▶ _GIVEN INFORMATION_:
═══

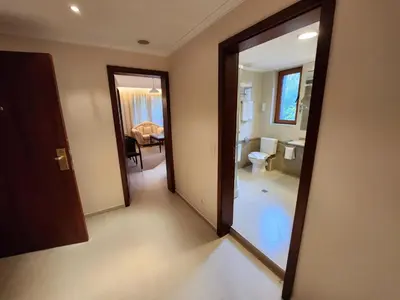 an open door to a room with a bathroom at Luxury Downtown Appartment - 150m ski lift Gondola in Bansko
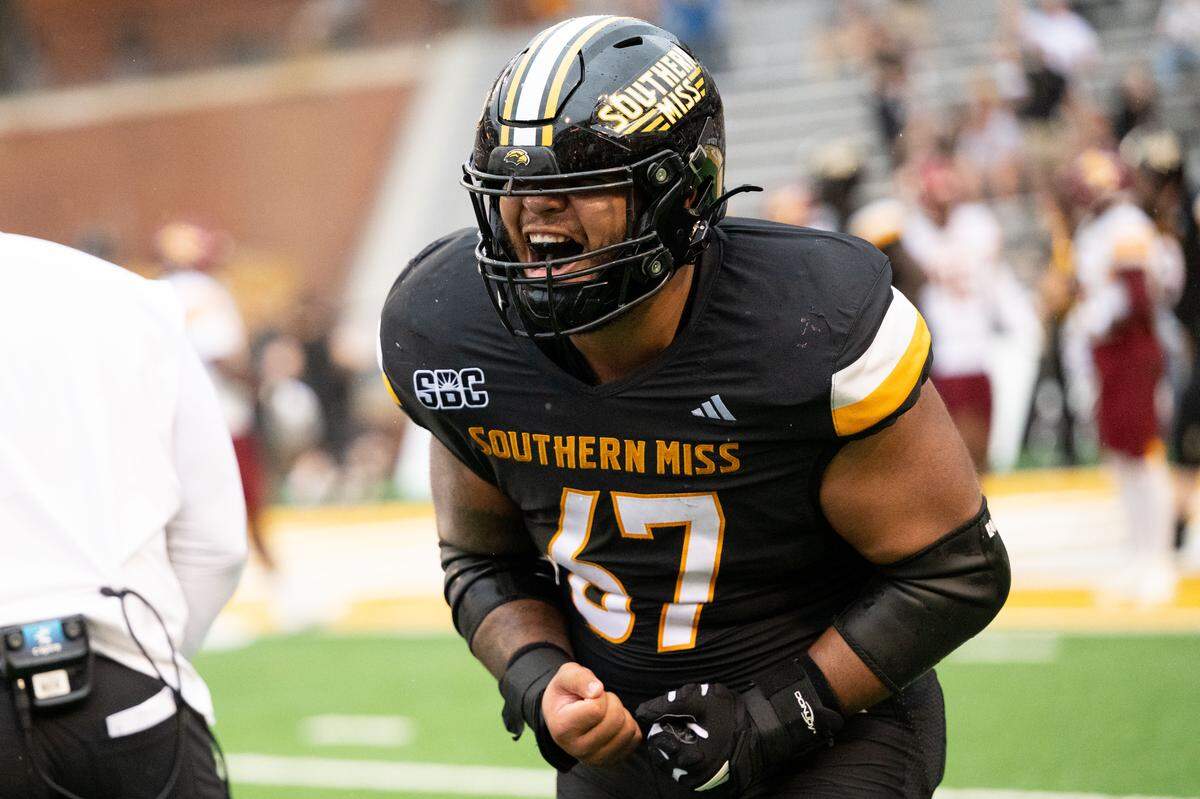 Southern Mississippi offensive lineman Broderick Roman (67) celebrates a touchdown during the Golden Eagles’ victory Saturday.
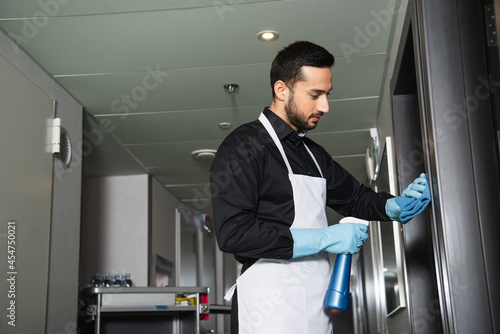bearded housekeeper in rubber gloves cleaning corridor in hotel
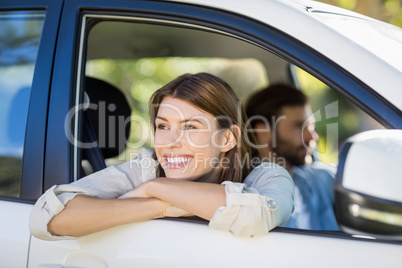 Thoughtful woman looking out from car window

═══

▶ _WHAT YOU HAVE TO DO_: All the lines above must be written out exactly, without a single picture.

▶ _ANSWER SPACE_:
 an open door to a room with a bathroom at Luxury Downtown Appartment - 150m ski lift Gondola in Bansko
 Southern Mississippi offensive lineman Broderick Roman (67) celebrates a touchdown during the Golden Eagles’ victory Saturday.
bearded housekeeper in rubber gloves cleaning corridor in hotel
 Thoughtful woman looking out from car window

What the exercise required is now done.